Deze typeringen van de christelijke journalistiek klinken aannemelijk, maar bij de vertaling ervan naar de praktijk beginnen de problemen. Wat moet de economisch redacteur ermee, als hij verslag doet van de jaarresultaten van Philips? En de regioredacteur die moet melden dat de PVDA-wethouder van Graafstroom is afgetreden vanwege een schandaal rond het nieuwe dorpshuis?
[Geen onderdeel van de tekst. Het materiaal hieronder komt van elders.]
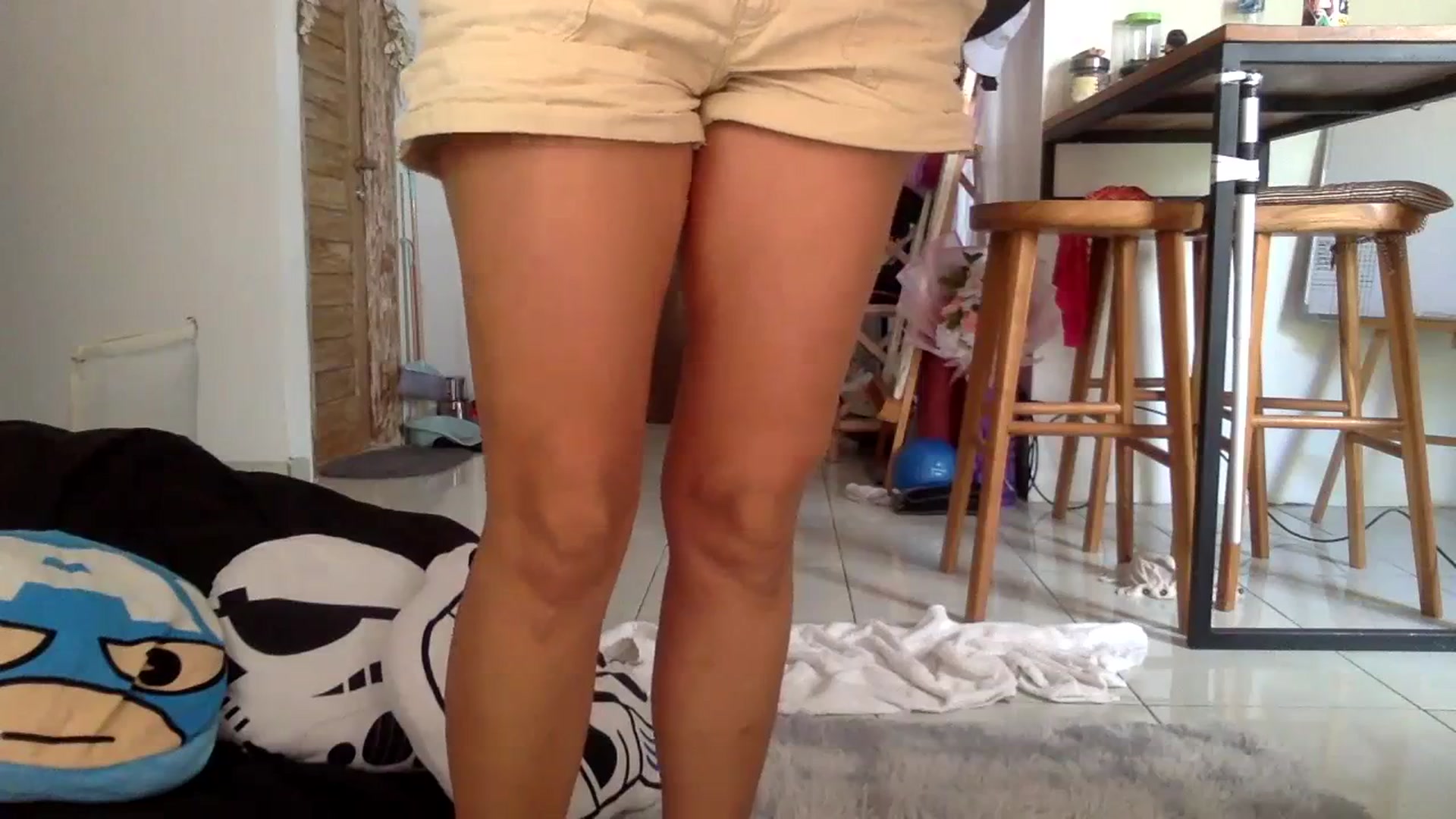 Gallery image thumbnail from Qi_ra's myfreecams stream on, 08/25/2023, 01:05 image 18 of 20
In de opvatting dat de christelijke krant het Nieuws met een hoofdletter moet uitdragen, is het dagblad feitelijk evangelisatiebulletin geworden. Concreet betekent het dat de inhoud van het RD van dien aard moet zijn, dat de krant gebruikt kan worden als folder bij evangelisatieacties. In de opvatting van Dorenbos kan het christelijk dagblad gebruikt worden als leidraad in de catechese. Het is immers in de eerste plaats bedoeld voor de opvoeding in het ongeveinsd christelijk geloof.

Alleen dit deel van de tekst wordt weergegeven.